Top Echelon Network Policy 9c

Issue: Candidate ownership after a candidate is placed in a contract (or temporary) position

Date: 11/01/94

After a candidate is placed in a temporary or contracting assignment, and the assignment ends or is terminated, the recruiter who originally supplied the candidate retains "ownership" of the candidate. If the job order agency wishes to again place the candidate in another temporary, contract, or permanent assignment, a full fee will be due to the candidate recruiter.

Spirit of this Policy
As the demand for contracting continues to increase, it becomes more important to address this issue. Top Echelon Network has witnessed the destruction of Trading Partner relationships because the job order agency would place a candidate in a short-term contract assignment one time, pay the candidate recruiter a normal split fee, and proceed to place the candidate a second and third time without wanting to compensate the candidate recruiter. The job order agency typically doesn’t feel the submitting agency is entitled to any portion of these future earnings, and the candidate recruiter typically feels he is being cheated. The result being, the two firms can no longer work together. In order for Trading Partner relationships to flourish, both recruiters must share in the winnings when times are good and struggle through the hard times when things are bad. If the candidate recruiter isn’t compensated on future placements of his candidate, he not only will feel deceived, but he also has no incentive to let his candidate work the job order agency’s assignment. Obviously, this creates an unhealthy environment and future split placements will not occur.

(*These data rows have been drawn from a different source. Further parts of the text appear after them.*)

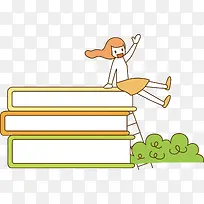 卡通儿童插画-空若网 卡通儿童插画-空若网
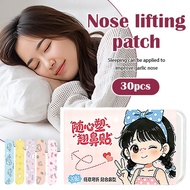 Boxed Adjustable Nose Lifting Patch Memory Ribbon Cut Sticker To Shaper Fit Extended Nose E9j8
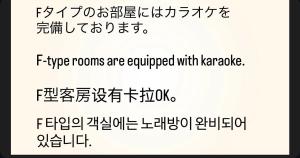 HOTEL A La Mode -アラモード-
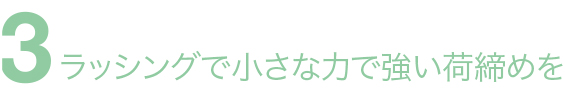 ラッシングで小さな力で強い荷締めを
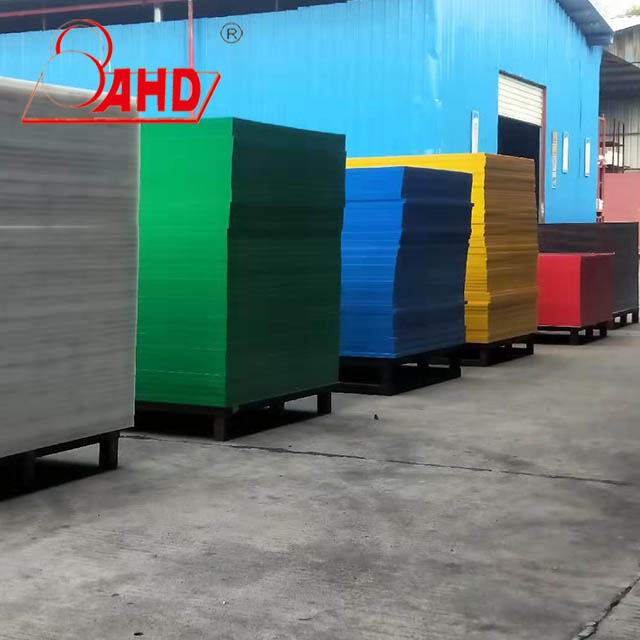 Екструдиран шарен HDPE полиетилен лист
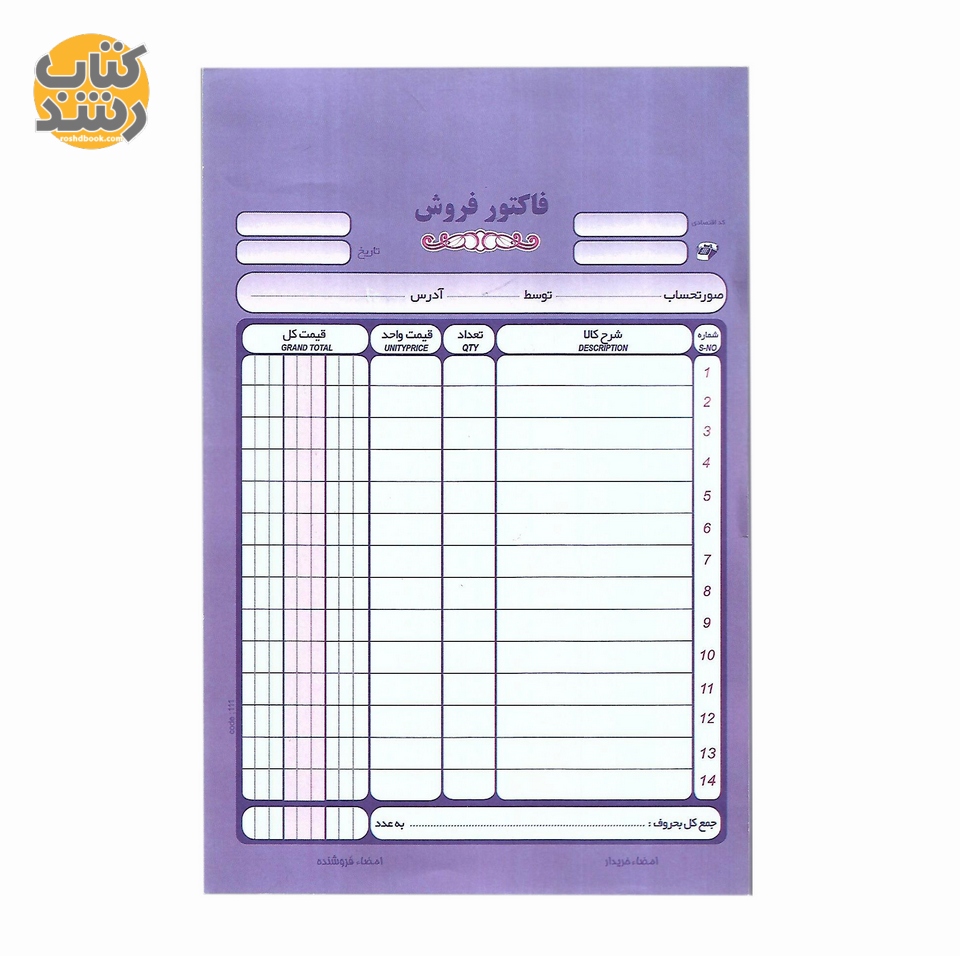 فاکتور 1/20 ساده بدون کاربن سایز متوسط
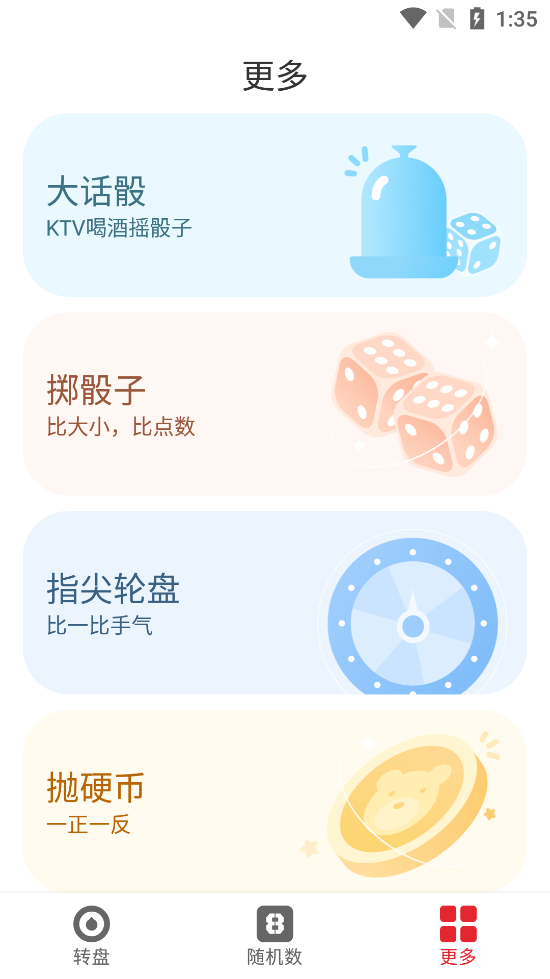 小转盘做决定图3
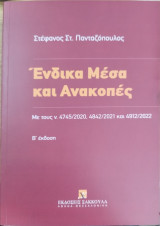 Ένδικα μέσα και ανακοπής [2η]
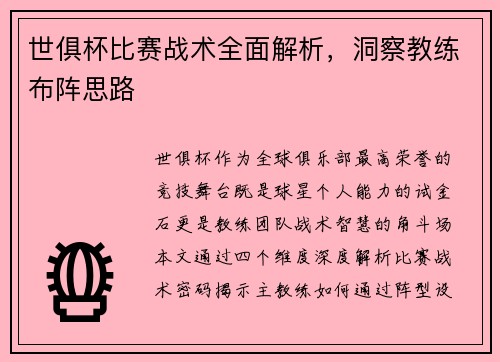 世俱杯比赛战术全面解析，洞察教练布阵思路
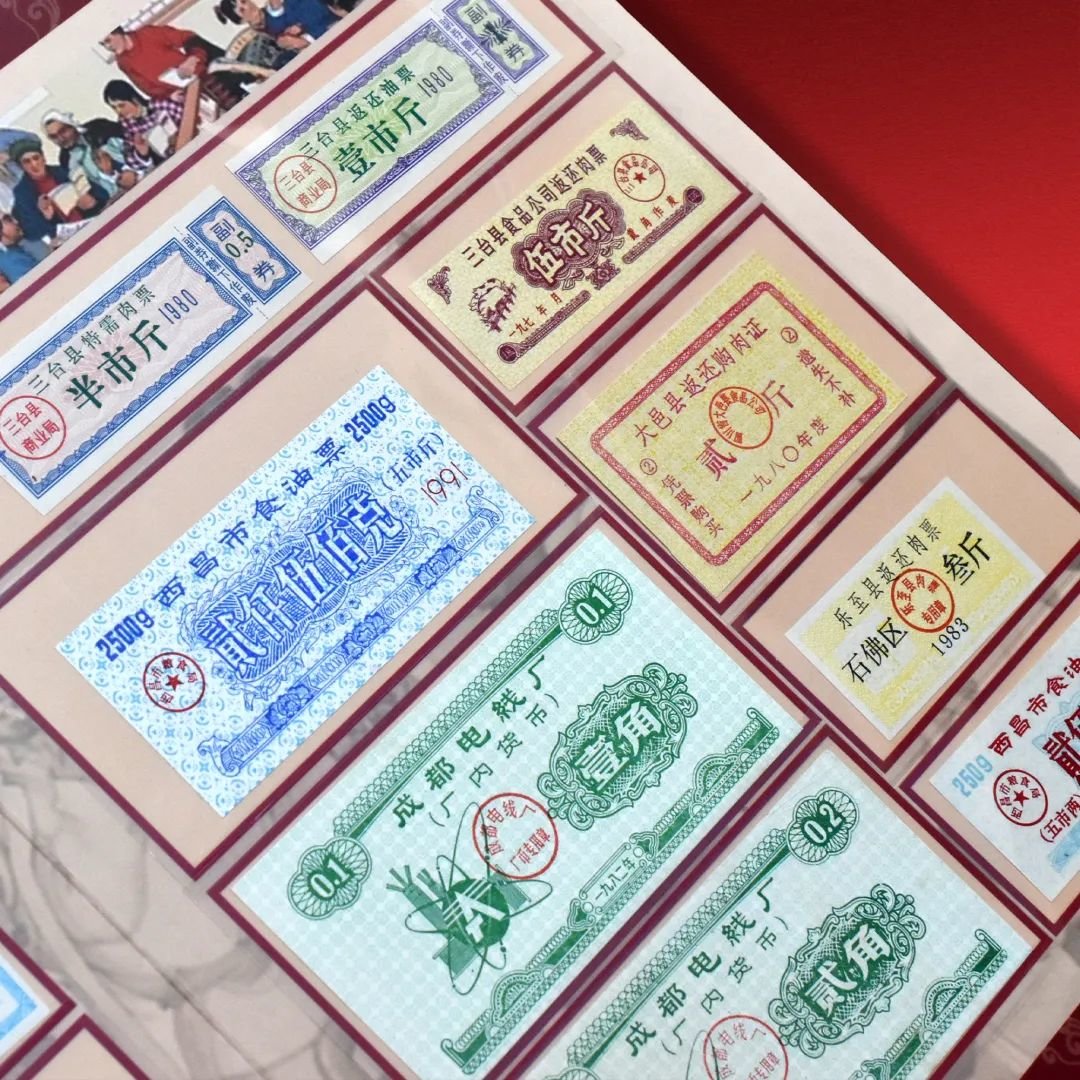 粮票、布票、油票：中国四十年票证配给制的时代印记(图11)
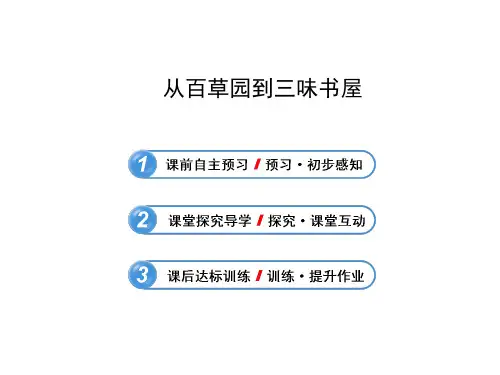 9 从百草园到三味书屋 课件(共22张PPT)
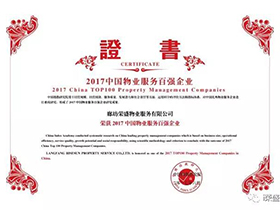 佰利乐·(中国区)有限公司官网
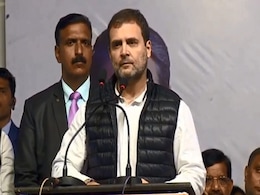 राहुल गांधी का PM मोदी पर निशाना, कहा- वे  PSU की तरह ताजमहल भी बेच सकते हैं राहुल गांधी का PM मोदी पर निशाना, कहा- वे  PSU की तरह ताजमहल भी बेच सकते हैं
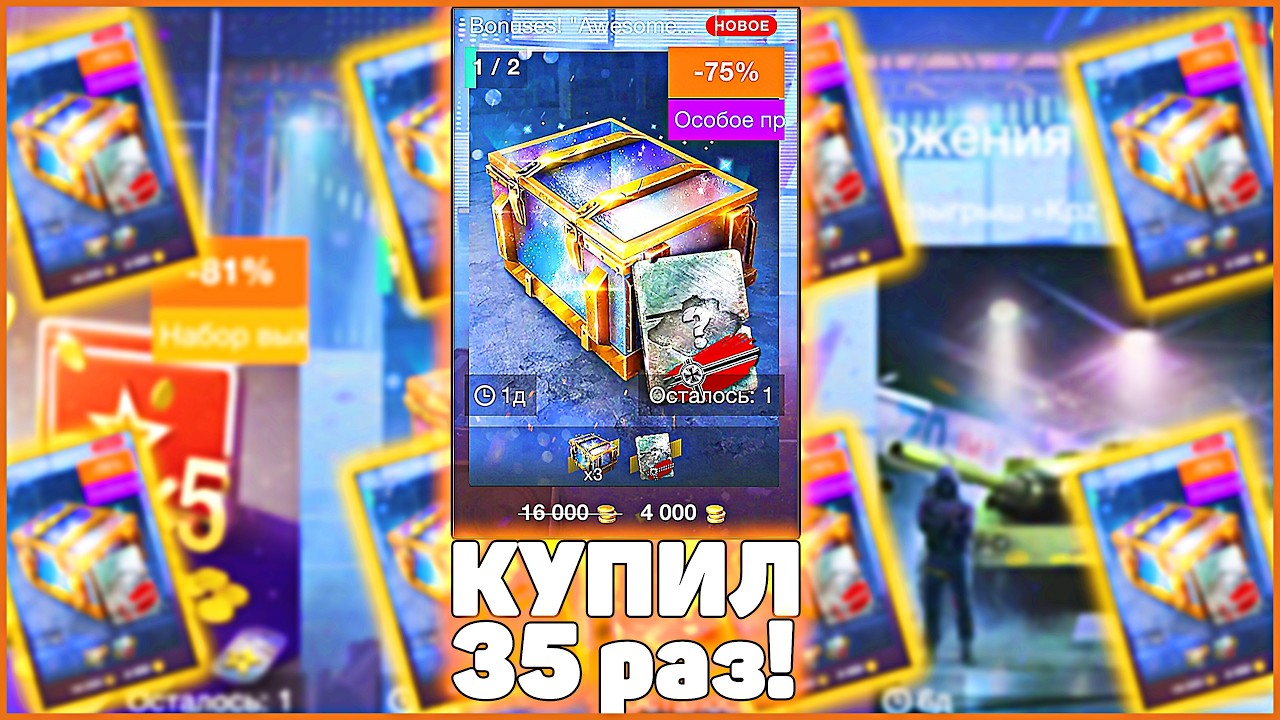 СЛИЛ ТОННЫ ЗОЛОТА 35 РАЗ! ЛУЧШЕЕ ПРЕДЛОЖЕНИЕ! WoT Blitz #positivetanker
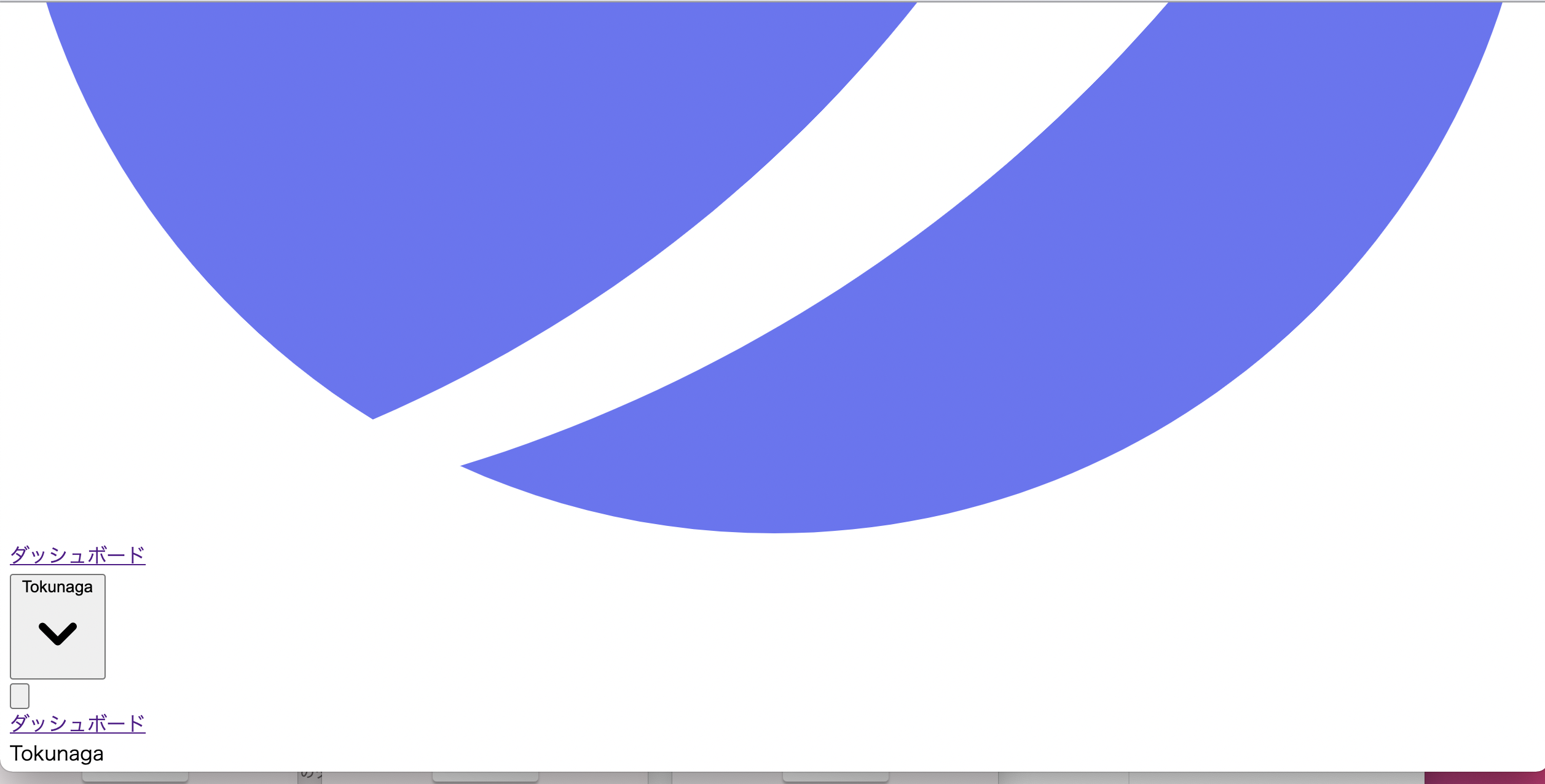 スクリーンショット 2021-08-16 8.07.58.png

Therefore, it is Top Echelon Network’s feeling that when a job order agency uses another recruiter’s candidate for a short-term temporary or contracting assignment, future placements (temporary, contract, or permanent) of the candidate should also result in a normal split placement fee being paid to the original candidate recruiter. If the placing agency doesn’t agree with this policy, they should go recruit their own candidate and not use the candidate of the candidate recruiter. It is our feeling that the only time the job order agency will not owe the candidate recruiter a fee on future placements of his candidate is when the placing agency has broken "the chain of communication" with the candidate for a significant period of time (e.g., no less than 18 months), and the candidate contacted the job order agency for help, and the job order agency can prove this. See Policy #9b for a description of the "chain of communication."

This policy follows the industry’s BUT FOR RULE. Due to the nature of contracting assignments, the job order agency will maintain an "on and off" level of communication with a contracting candidate sometimes for years. This being the case, if the job order agency wishes to place the candidate again, a full split is required because "BUT FOR" that original agency’s referral of the candidate, there would not be a candidate to place.